Fiction. The characters in Jack Greer's ABRAHAM'S BAY & OTHER STORIES have set sail for islands in the Atlantic and Caribbean—some are restless, some curious, others are unhappy, while others are in love with roaming. Inevitably, these small boat sailors haul their personal histories along, their hubris, their failures, and their frustrations. Some sail alone, others are looking to reunite, while others are parting for good. Rather than record-breaking feats of circumnavigation, the stories of ABRAHAM'S BAY dramatize ordinary struggles with self and sea, where the protagonists often seem to exist at the edges of the larger world.
Nearly all storytelling is about people setting out on journeys and encountering conflicts along the way—the compelling storyteller gives us insights into their character and brings us into their conflicts and struggles to resolve them. Jack Greer is a compelling storyteller—his lean narrative style is graceful and exact, anchored in a sailor's competence that is always attentive to the sea and its beauty but also alert to its dangers.
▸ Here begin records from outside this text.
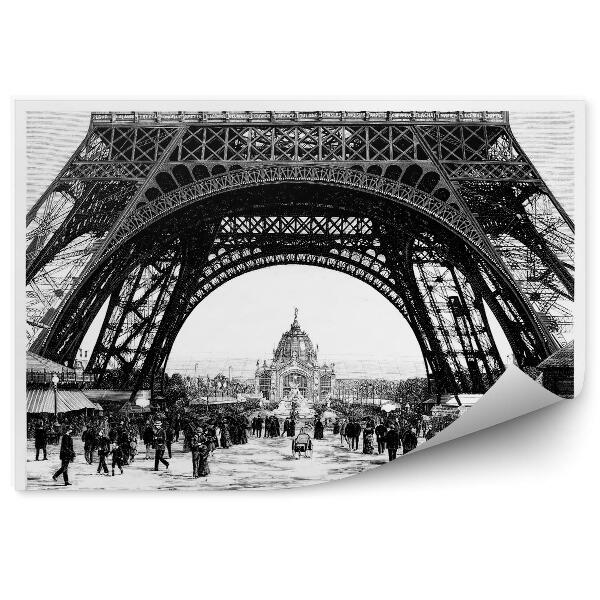 Fototapeta Eiffelova veža v Paríži Francúzsko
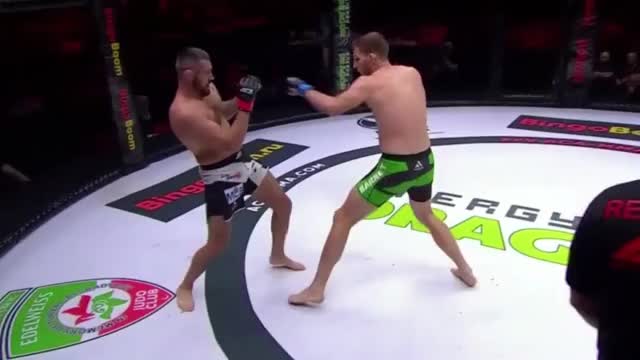 Karol Celiński vs. Luke Barnatt - ACA 96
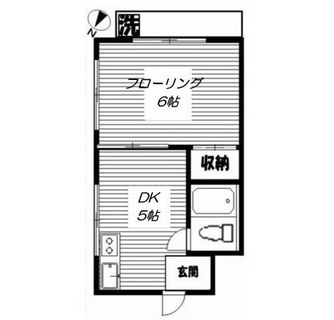 東京都武蔵野市御殿山１丁目 賃貸マンション 1DK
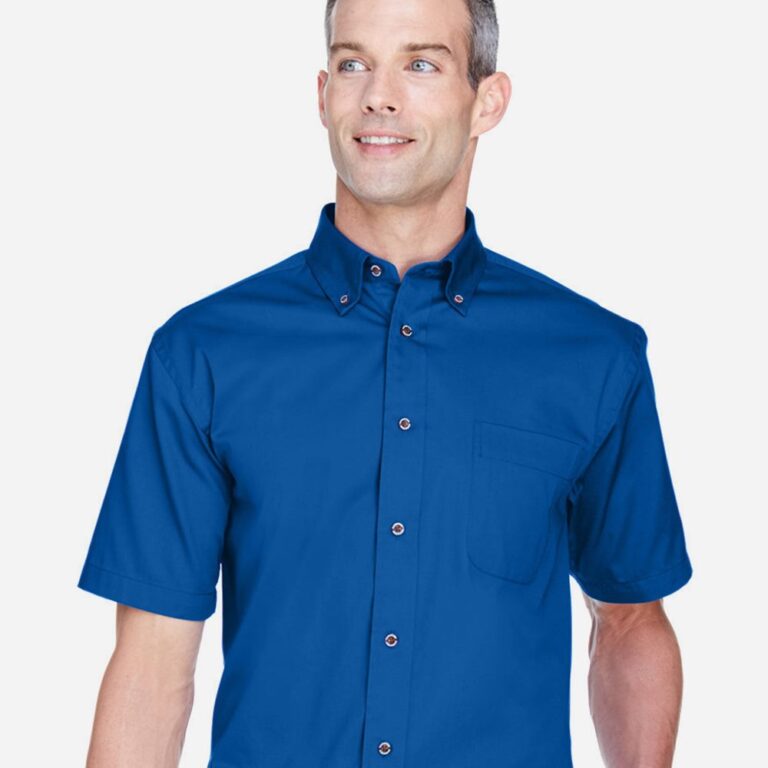 Men's Easy Blend™ Twill Dress Shirt with Stain-Release – M500S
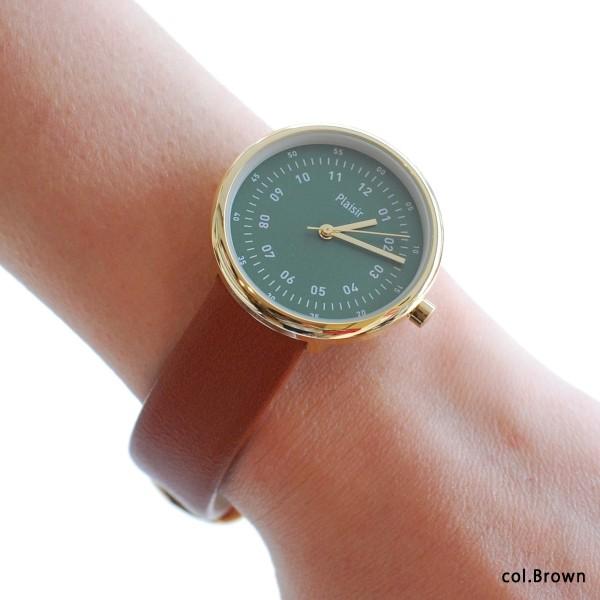 腕時計 レディース ニッケルフリー 秒針目盛り付き ウォッチ お肌に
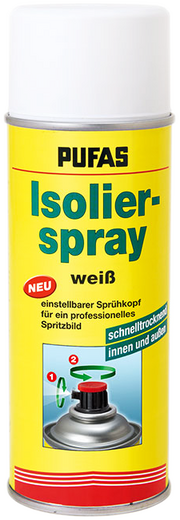 Пуфас Isolier-Spray средство для изоляции пятен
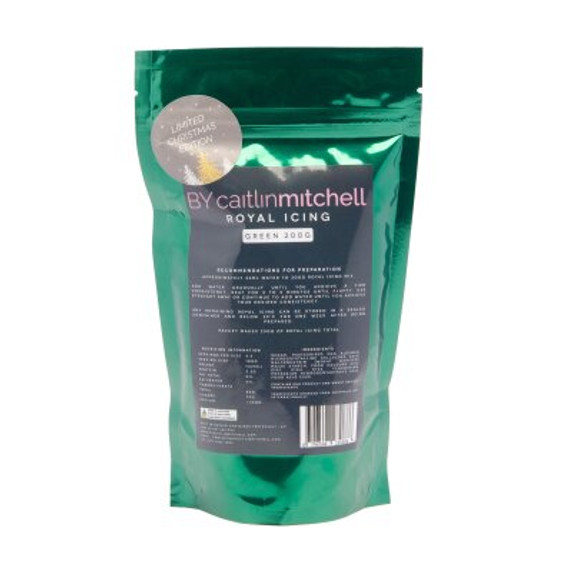 BYCM - Royal Icing -Green - 200g BYCM - Royal Icing -Green - 200g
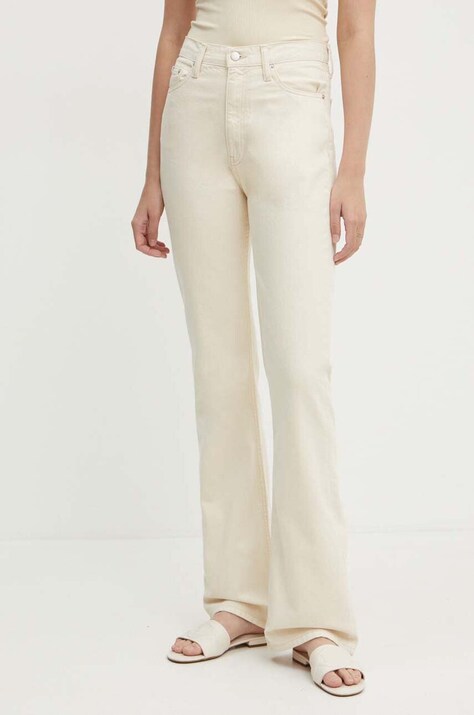 Calvin Klein Jeans jeansi femei high waist, J20J223973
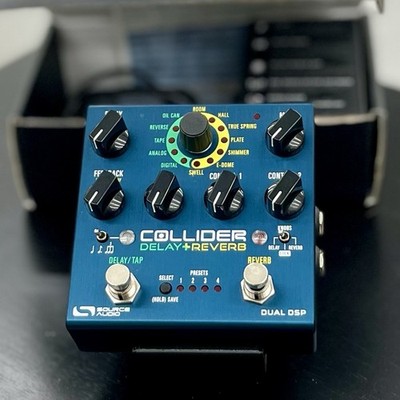 Source Audio Collider Stereo Delay+Reverb Pedal - Near Mint - FREE Shipping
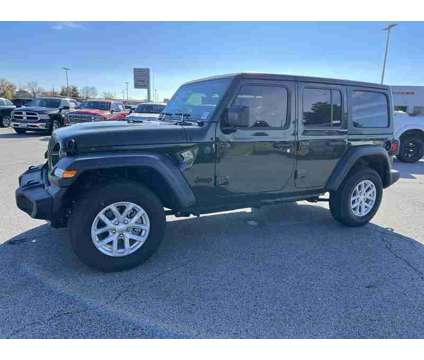 2023 Jeep Wrangler Sport is a Green 2023 Jeep Wrangler Sport SUV in Fort Smith AR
Jack Greer grew up on the Chesapeake Bay and has sailed since childhood—a number of the stories in ABRAHAM'S BAY & OTHER STORIES have their origins in a year-long sail to the Dominican Republic and beyond. Formerly Communications Director of the University of Maryland Sea Grant College, he has published hundreds of newspaper and magazine articles, largely about the Chesapeake Bay. His poems and stories have appeared in literary journals and anthologies. He and his wife Bobbie are to embark on their third year of sailing in the Caribbean.